In many ways, this game was a watershed in my adventure-game-authoring career, as I originally thought the story was way too complicated to make an adventure game out of … until I read an article about Greg Hassett’s “World’s Edge” adventure and turned green with envy and grim with determination. I considered it my first “good” TRS-80 adventure game; it was the 7th I’d written, and 14 more would follow it (15, if you count that Star Trek adventure where you can’t even pick things up). When the IBM PC became available to me in 1983, I ported this game to GWBASIC.

I played a QBASIC derivative of the GWBASIC source.

There’s no motivation or plot to start; the player is supposed to mess around since there’s nothing else to do. Nearby the starting room you find a shovel, and if you dig here you find an underground pyramid with a portal.

Touching the portal leads to a room with a plastic container and a lead box, and opening the lead box leads to the Vial of the game.

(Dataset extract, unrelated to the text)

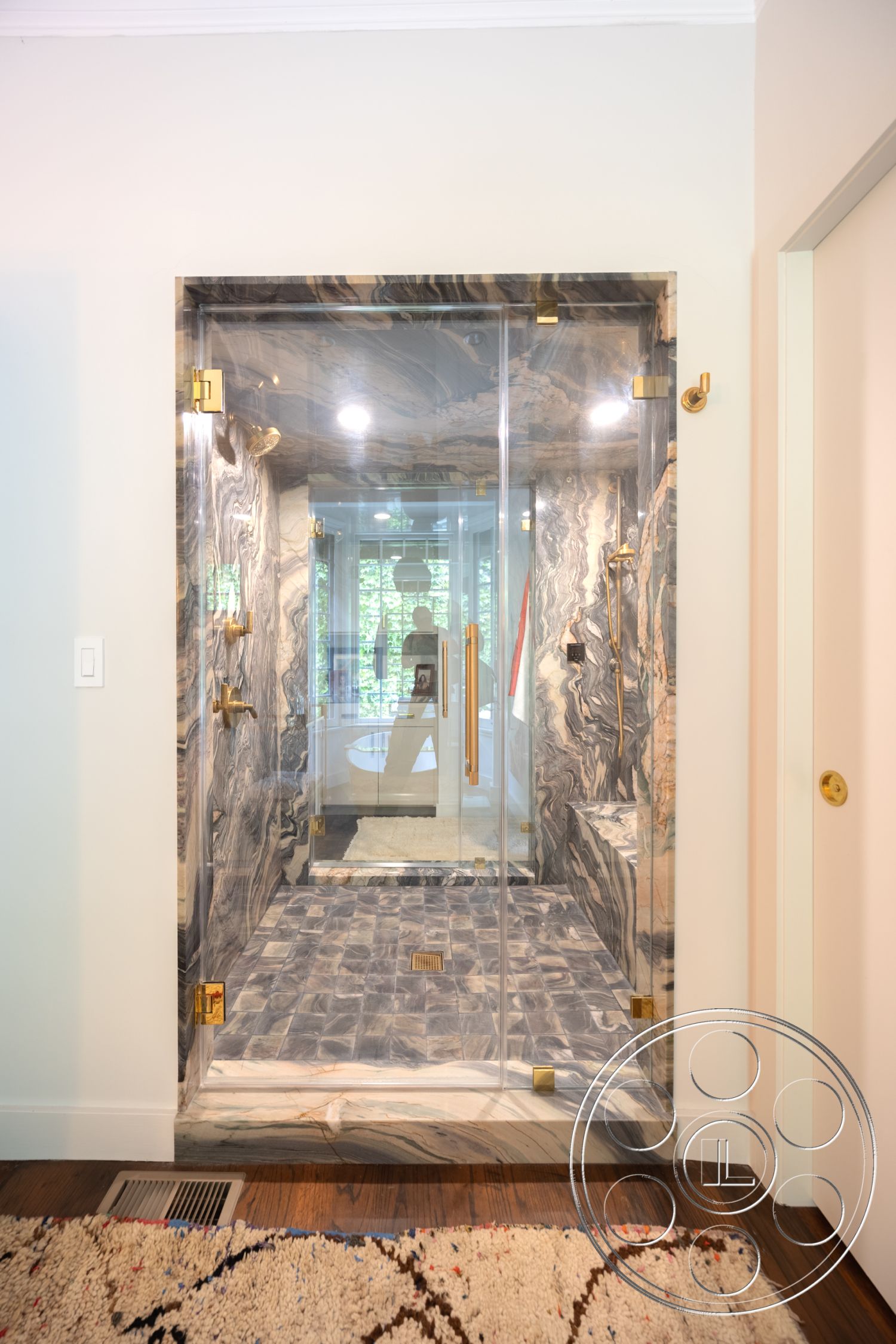 Mansion 2 - neutral color palette, dark hardwood floor, floor-to-ceiling glass, marble flooring, brushed brass accents, hexagonal tile flooring, glass shower doors, exposed plumbing details, modern minimalist style, modern bathroom design, marble shower walls, gold hardware fixtures, textured natural stone, open shower layout, interior luxury bathroom, tray ceiling, contemporary spa-like retreat, seamless glass enclosure, high-end bathroom finishes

Chaos is the bad guy, Law is the good guy; unlike the usual Dungeons and Dragons alignment charts (where it’s possible to be Lawful Evil or Chaotic Good) the Moorcock-verse is a straight Law vs. Chaos opposition which is intense enough to warrant its own Wikipedia page. We’re tasked with destroying the Vial and are on the hunt for a turquoise gem, a fire opal, cobra venom, a basilisk eye, octopus ink, and an alabaster bowl.

The vial ends up being used quite a few times throughout the game. Right from the start after taking the lead box, a mummy blocks the way, but as long as you WEAR VIAL, you can PUNCH MUMMY:

Baam! You made it fly apart!

To get out of the pyramid area, you need to DIG again but must be wearing the vial to have enough strength to dig straight up. However (as the screenshot above warns) you can’t wear the vial for much longer, because if you try to step much farther while wearing the vial, you get consumed by Chaos.

However, the vial is still useful; if you WAVE VIAL you can distract people or get a burst of strength.

You are in a pawn shop. Visible items:

Store clerk. Large dagger. Turquois gem. Sleeping pill.

Obvious exits: south

The clerk wants money for the items, but you can just WAVE VIAL

The clerk is now hypnotized.

and use the five-finger discount method.

The parser is unfortunately very awkward; the game even states upfront “I know the verbs STICK, SWING, and PLUCK” but it’s hard to know where they get used. STICK turns out to be handy for STICK COBRA

Into where (one word)? CONTAINER
Squirt! The container fills with venom, and just as quickly, the cobra awakes!

I admit not to thinking through the above action at all, but simply running through every verb possible before the event happened.

I got stuck on one parser issue enough I had to poke through the source code. In front of a jewelry store there is a guard with a thermos of coffee, and I knew the sleeping pill that I already had lifted from the pawn shop would be useful, but I could not for the life of me apply one to the other. The right sequence turns out to be SWING GUARD. THROW PILL. (That doesn’t sound terrible, but I had went through many permutations of PUT PILL and INSERT PILL already, and PUT is even an understood verb, just not the one the game wants.)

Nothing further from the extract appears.